Also two ongoing Public Health Programme projects focused on tissues and cells (Euro-GTPII[10] - Good Practices for demonstrating safety and quality through recipient follow-up and ECCTR[11]- European Cornea and Cell Transplantation Registry) are developing methodologies for such follow up for particular types of tissues and cells. In particular, any possible advantage will be taken from the surveys already conducted while any effort will be taken in order to avoid overlapping of GAPP-JA with these previous projects, through direct involvement of their coordinators.

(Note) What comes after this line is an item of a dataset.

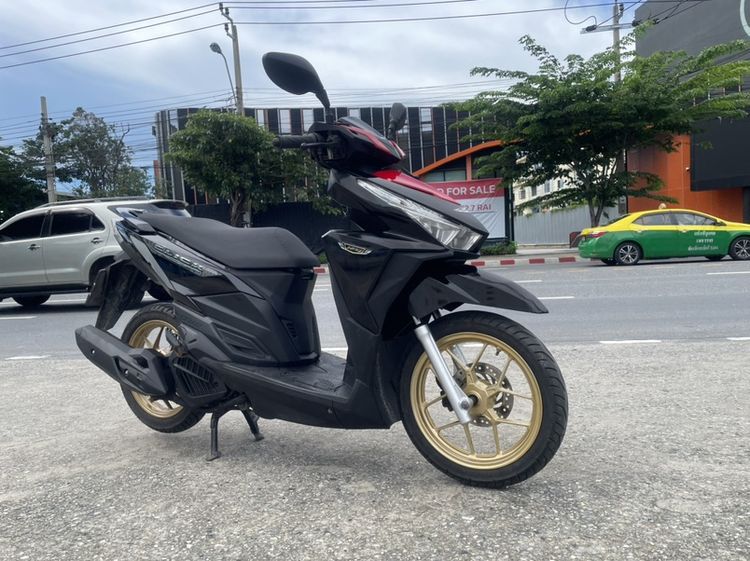 Honda click125i LED รถบ้านสตาร์ตมือ รูปที่ 2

From a methodological point of view, GAPP will develop an overall guidance on organization of Process Preparation Assessment system at Competent Authorities level (Work Package 5), that will be supplemented by three Technical Annex (Work Packages 6-7-8). As finally durable output of the whole action, a knowledge sharing platform on Process Preparation Assessment will be developed and fed under Work Package 9, whereas training courses addressed to Competent Authorities inspectors will be designed and implemented under Work Package 10.Four horizontal Work Packages 1-4 (Coordination of the action, Dissemination & Communication, Evaluation, Integration in National policies & Sustainability) will support this JA throughout its duration.
The GAPP JA activities will contribute to greater assurance of delivering safe and effective treatments in these fields, regardless of the Member State in which the treatment takes place, where initially highly specific technical knowledge and clinical expertise is requested for assessing and authorizing innovative processes.The contribution of GAPP is considered pivotal, in order to ensure that all substances and procedures are subject to European safety and quality requirements.
All Member States will appreciate the benefit of a clear, agreed-upon, harmonized approach to the Process Preparation Assessment with reciprocal advantages in enhancing their technical and organizational skills by comparing the best practices in the fields of blood, tissues and cells. Some Member States will have the opportunity to learn from other Member States where regulatory systems have been already consolidated in this particular field.The sharing of expertise and development of clear guidance will result in the provision of safer and better quality blood, tissue and cell healthcare services to patients in the EU, thanks also to a better attention for impact on patients undergoing treatment with novel therapeutical approaches. In this regard all patient transfusion, tissue or cell transplantation or assisted reproduction treatment will be targeted for quality improvement by this action.
The common European level framework which is to be achieved by addressing the activity of Authorizations of Preparation Processes by Competent Authorities contributes in reducing health inequalities by increasing safety and even encouraging innovation. The general impact will be beneficial for EU citizens and aid in better guaranteeing access to harmonized health care throughout the Union, especially in a field increasingly open to technical and scientific advances.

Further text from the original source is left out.